Your making some progress.

I also went through this kind of error. My mistake was to create the dri-lnx_agp.patch file with a simple copy and paste from the first post of the thread.

This is not good because doing this some tab characters are replaced by spaces making the patch fail.

What I did was to modify the  lnx_agp.c "by hand" and recreating the patch with diff. But it is not the simplet way to do it. Someone as posted a link to a downloadable dri-lnx_agp.patch file. Maybe you can try using this one:

https://forums.gentoo.org/viewtopic-p-2666172.html#2666172

But only take the dri-lnx_agp.patch file. The patched ebuild if for an older xorg version (xorg-x11-6.8.99.15-r1)

----------

## frobie

Did you have any problems going into terminals and getting a black screen with nothing else?

Also  in the /etc/X11/xorg.conf did you put the driver in as i915 or i810

----------

## bdz

in xorg.conf I use i810 not i915

By "going into terminals" do you mean switching from xorg to the console with Ctrl-Alt-Fx ?

If this is what you mean then yes I had problems with that before. The screen was not black but completely messed up.

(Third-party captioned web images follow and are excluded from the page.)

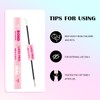 SY-SHUYING Lash Bond and Seal Mascara for Long Lasting Waterproof
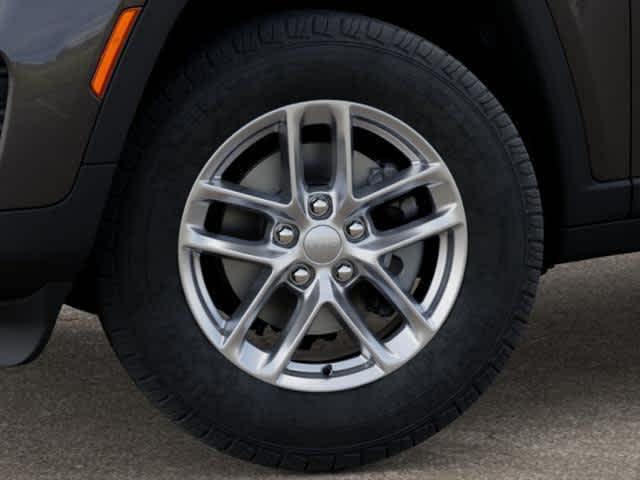 new 2025 Jeep Grand Cherokee car, priced at $37,453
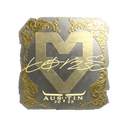 torzsi (Gold) | Austin 2025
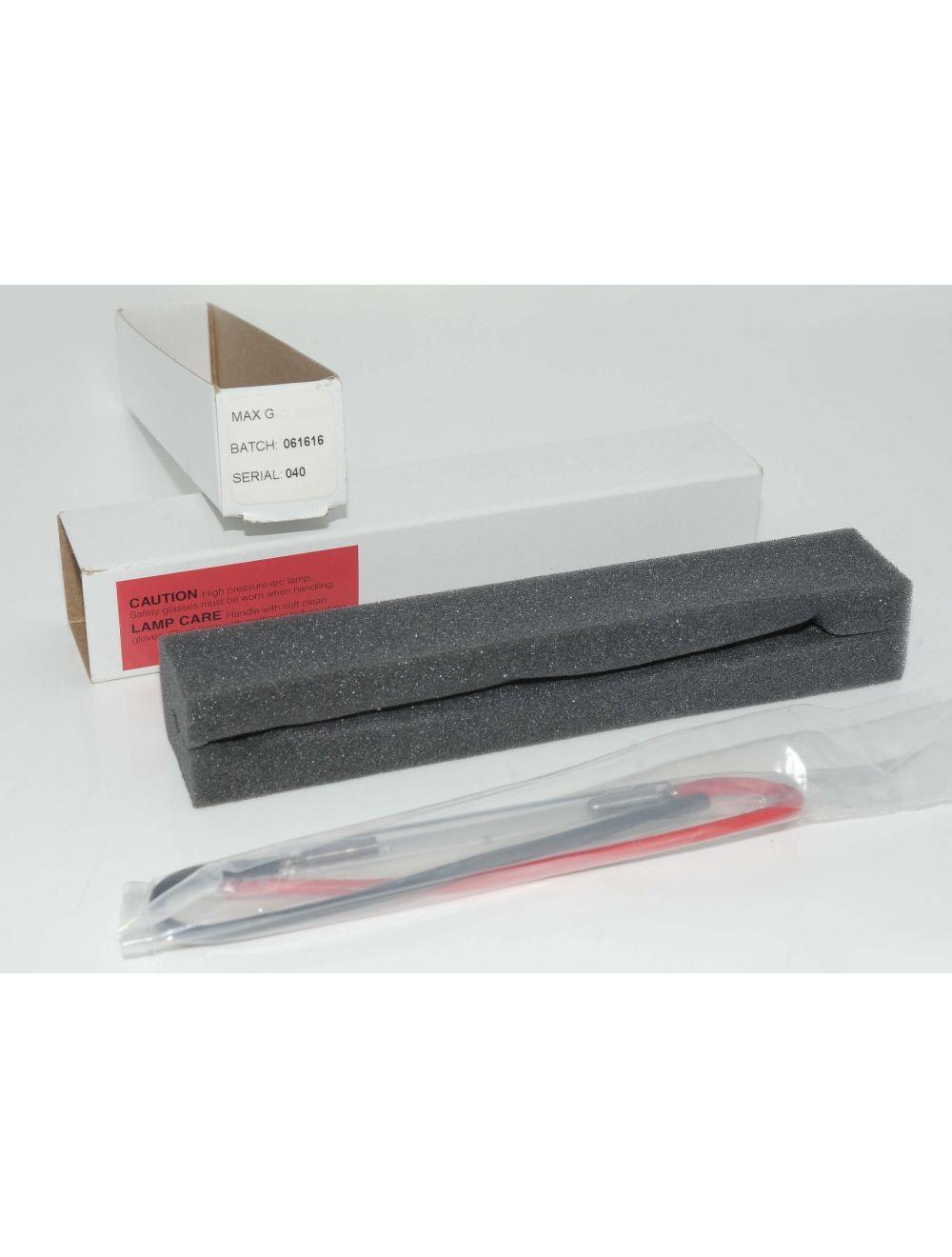 Palomar Icon/Max G OEM IPL High Pressure Arc Flash Lamp Light HandPiece MAXG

To solve that I had to do this:

      Use vesafb instead of vesafb-tng in the kernel

      AND use the boot parameter "vga=0x361" in grub.conf

      AND do not use the VBERestore option in xorg.conf.

But note that "vga=0x361" is for a 1280x800 resolution. And even if your screen has the same resolution It may not be the same value for your laptop. It depends of what is in the bios.

----------

## frobie

hmm that didnt seem to work for me.  but now when I run programs or anything using a gui it runs slow.  like at the login screen when x comes up fully to log into gnome the cursor blinks slow and when I am in gnome it still runs slow programs that I try to run go slow as well.  Did this happen to you?  also what options do you have selected for the xorg.conf?

----------

## bdz

No this does not happen to me.

You can find my complete xorg.conf in this thread: https://forums.gentoo.org/viewtopic-p-2795263.html#2795263

----------